Moreover, they compared the tumor transcriptomes with samples from healthy tissue adjacent to the tumors in FLC patients, unexpectedly finding one sample that retained the FLC signature. Upon further investigation, they observed fibrous structures characteristic of the disease and cells containing the DNAJB1::PRKACA fusion transcript. This indicated that the tumor removal did not eliminate all FLC cells, which could potentially lead to new cancer development.
“This observation highlights the necessity for thorough examination of tumor margins,” Simon emphasizes.
A promising clinical trial
Equipped with this new understanding, the researchers have embarked on a clinical trial to assess the effectiveness of combining two anti-cancer agents, DT2216 and irinotecan. Previous research from the lab published in 2022 suggested that this combination could be particularly effective for FLC. This initiative receives support from the Children’s Oncology Group and the Pediatric Early Phase Clinical Trials Network of the NIH.

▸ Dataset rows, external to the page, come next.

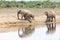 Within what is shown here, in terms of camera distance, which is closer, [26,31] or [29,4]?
[26,31]

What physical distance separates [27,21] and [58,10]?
637 cm

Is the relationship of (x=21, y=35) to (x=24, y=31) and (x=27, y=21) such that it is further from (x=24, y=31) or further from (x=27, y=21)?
(x=27, y=21)

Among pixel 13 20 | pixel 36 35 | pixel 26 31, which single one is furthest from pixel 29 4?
pixel 36 35

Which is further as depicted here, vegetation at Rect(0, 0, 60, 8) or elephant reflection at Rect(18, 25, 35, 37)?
vegetation at Rect(0, 0, 60, 8)

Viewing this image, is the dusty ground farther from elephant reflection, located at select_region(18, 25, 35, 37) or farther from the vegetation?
the vegetation

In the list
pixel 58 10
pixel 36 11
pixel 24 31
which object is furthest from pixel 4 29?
pixel 58 10

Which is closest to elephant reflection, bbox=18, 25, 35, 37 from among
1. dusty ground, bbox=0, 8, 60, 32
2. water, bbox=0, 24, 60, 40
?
water, bbox=0, 24, 60, 40

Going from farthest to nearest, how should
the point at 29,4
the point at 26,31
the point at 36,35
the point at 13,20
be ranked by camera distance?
the point at 29,4
the point at 13,20
the point at 26,31
the point at 36,35

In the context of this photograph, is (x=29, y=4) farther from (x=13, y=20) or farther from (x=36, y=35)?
(x=36, y=35)

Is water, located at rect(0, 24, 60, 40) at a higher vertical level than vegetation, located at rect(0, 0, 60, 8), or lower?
lower

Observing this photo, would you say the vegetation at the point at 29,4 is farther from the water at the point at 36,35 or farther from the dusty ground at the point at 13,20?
the water at the point at 36,35

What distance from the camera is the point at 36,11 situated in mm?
23812

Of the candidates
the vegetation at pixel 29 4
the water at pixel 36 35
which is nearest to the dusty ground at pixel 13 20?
the vegetation at pixel 29 4

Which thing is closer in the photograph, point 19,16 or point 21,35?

Simultaneously, the Simon Lab is working on developing alternative treatments, backed by the Cancer Grand Challenge, a highly selective program by Cancer Research (UK) and the National Cancer Institute (US) that provides substantial funding for collaborative research efforts. Simon’s lab is a member of the KOODAC team, which aims to degrade an oncoprotein—in Simon’s case, fusions involving PRKACA—to prevent or eradicate tumors. The findings are expected to be presented at the annual meeting of the American Association for Cancer Research in late April.
“A decade ago, we hoped that by thoroughly investigating this specific and rare condition, we could quickly progress toward developing diagnostics and treatments not only for FLC but also providing insights applicable to other diseases,” he states. “Our recent findings validate that vision and offer hope that these insights might also be useful for other cancers—like Ewing sarcoma, rhabdomyosarcoma, and neuroblastoma—as well as health issues requiring the elimination of non-functioning proteins.”